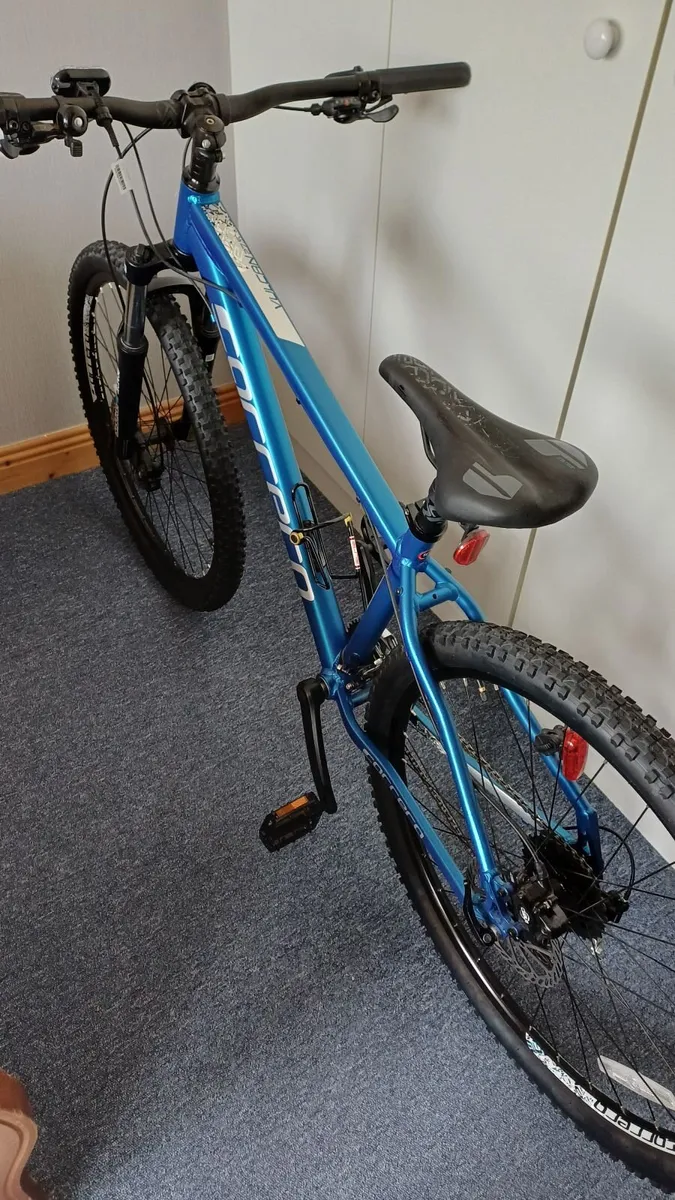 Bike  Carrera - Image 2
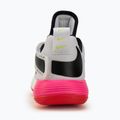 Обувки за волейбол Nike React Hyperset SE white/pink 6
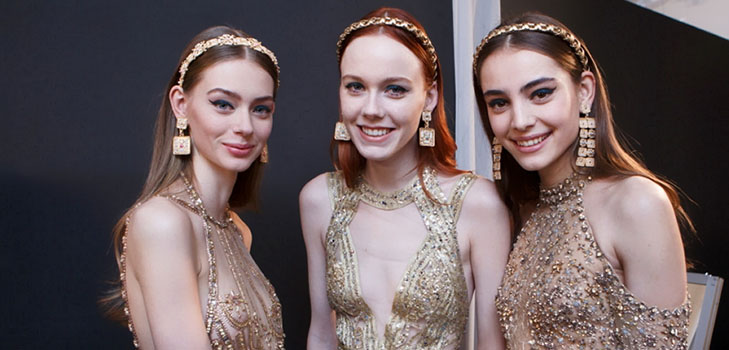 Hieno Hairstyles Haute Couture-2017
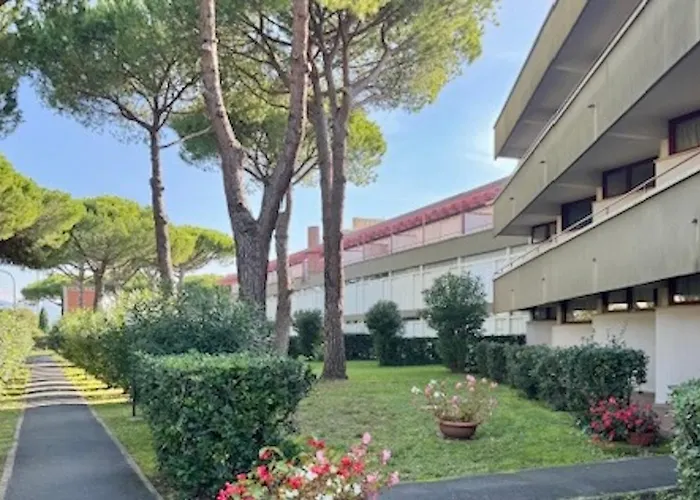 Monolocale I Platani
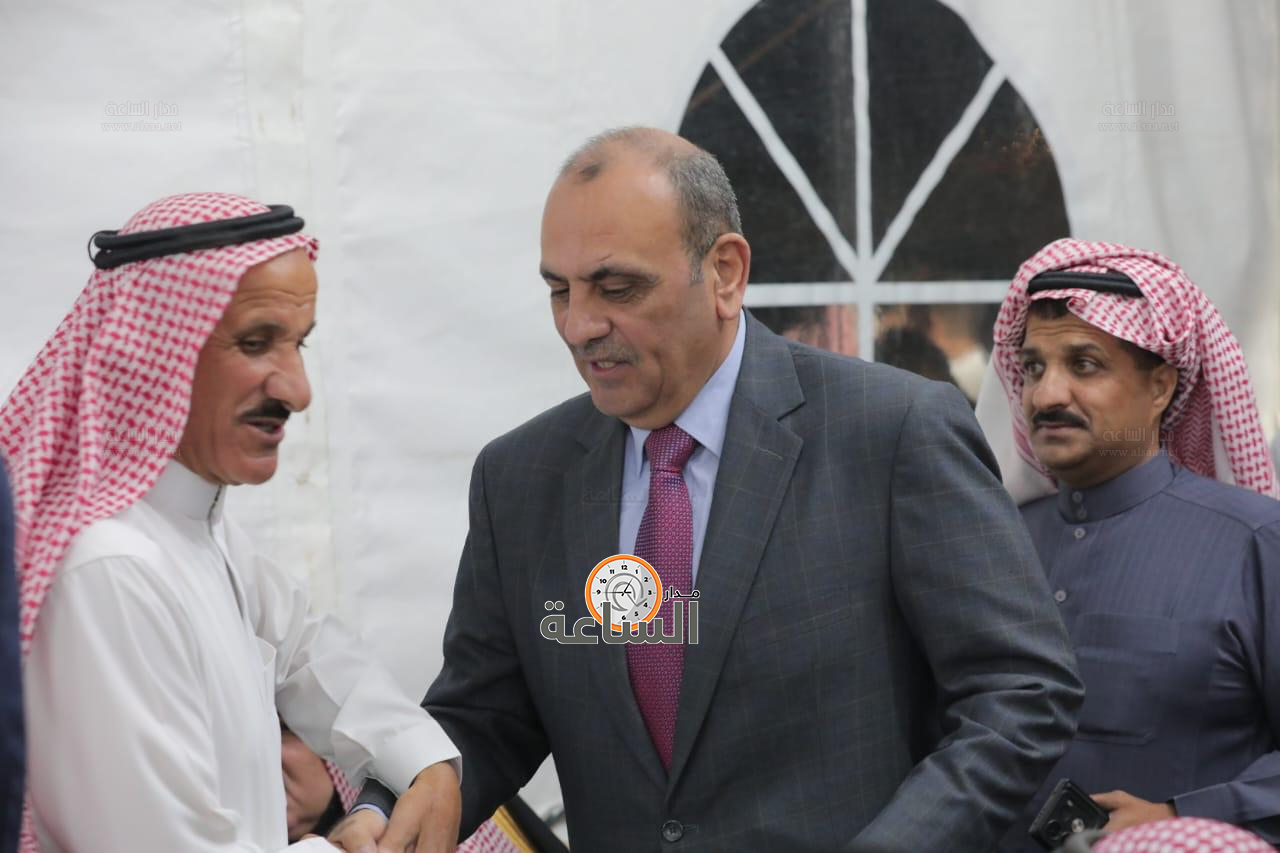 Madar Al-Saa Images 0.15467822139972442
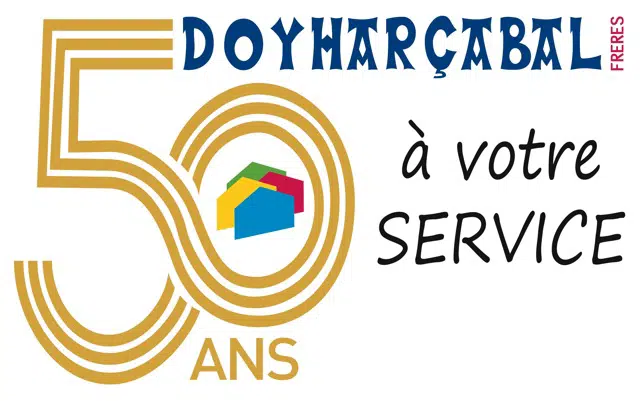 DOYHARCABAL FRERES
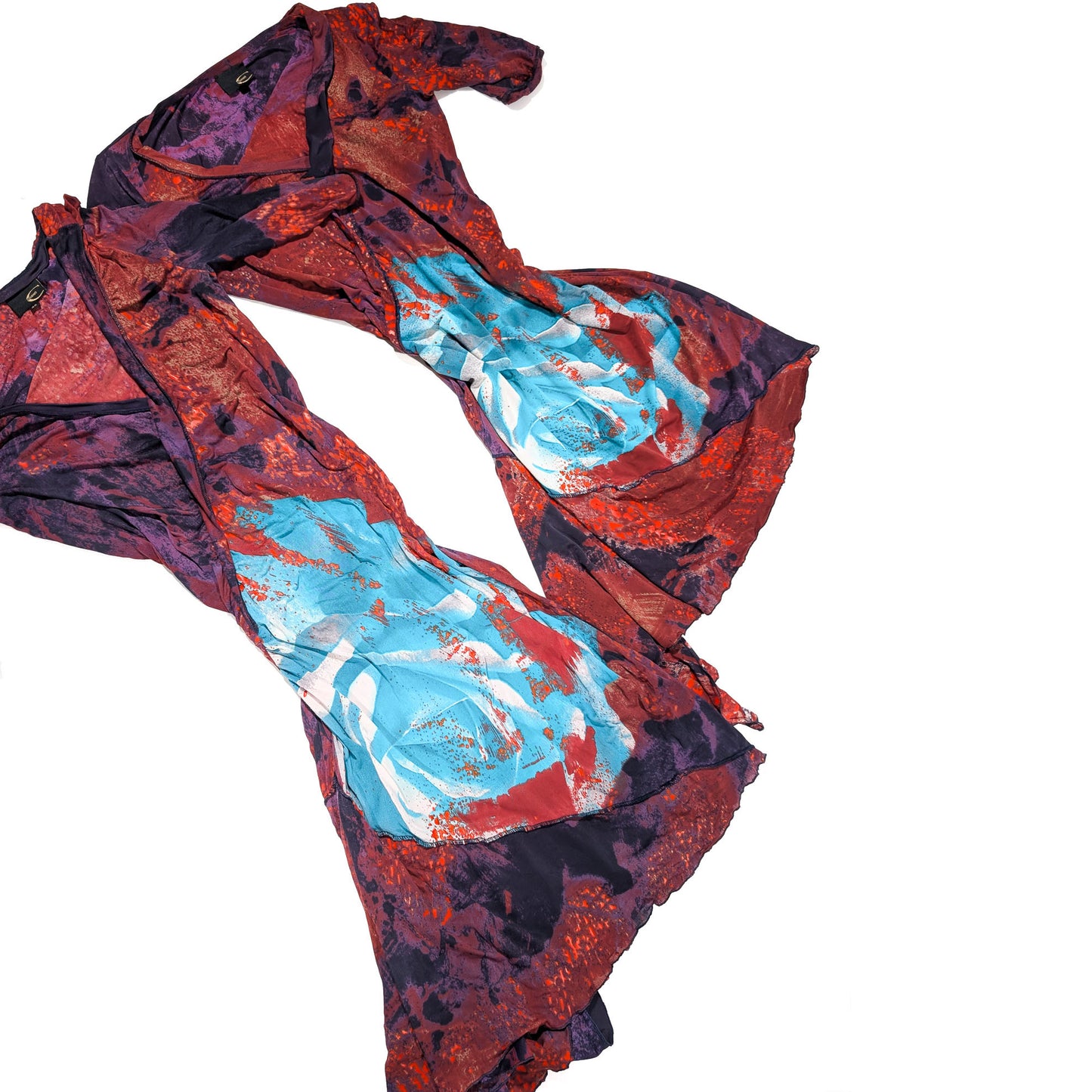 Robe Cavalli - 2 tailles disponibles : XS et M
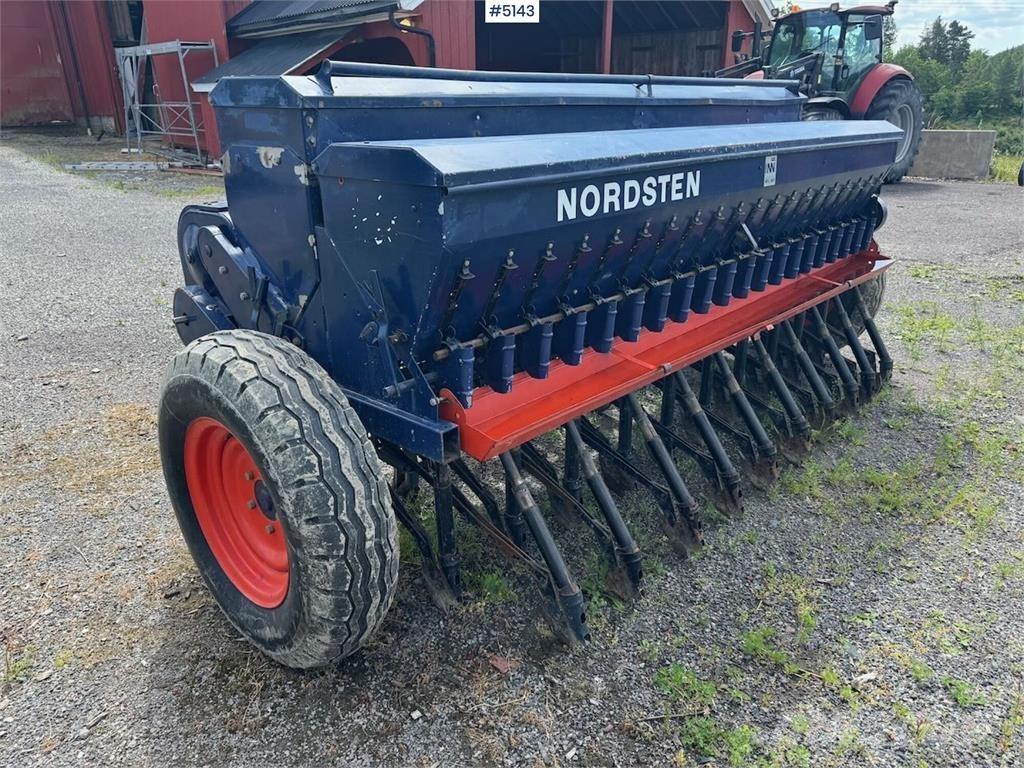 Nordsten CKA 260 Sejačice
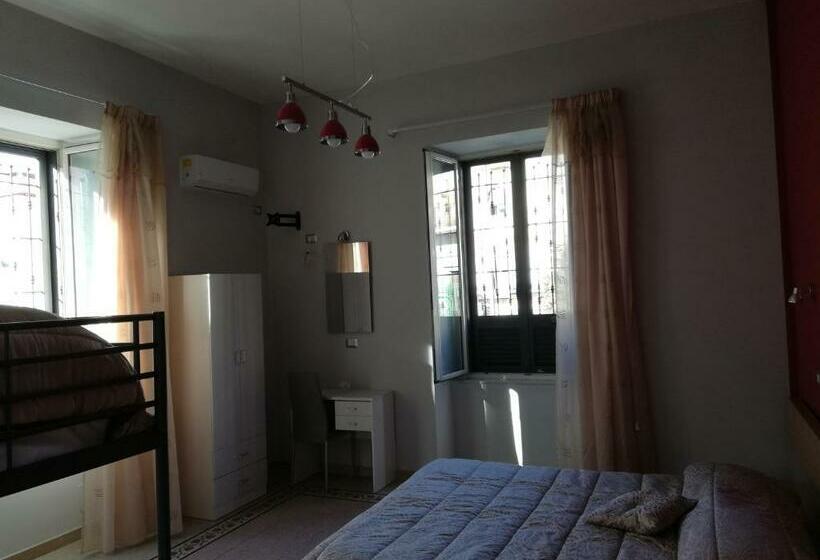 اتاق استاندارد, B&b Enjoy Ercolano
■ ■ ■
# Exercise instructions:
Set down the line containing "DOYHARCABAL FRERES" and every line after it up to the end of the material, exactly as written, but not the pictures.

# Solved exercise:
 DOYHARCABAL FRERES
 Robe Cavalli - 2 tailles disponibles : XS et M
 Nordsten CKA 260 Sejačice
 اتاق استاندارد, B&b Enjoy Ercolano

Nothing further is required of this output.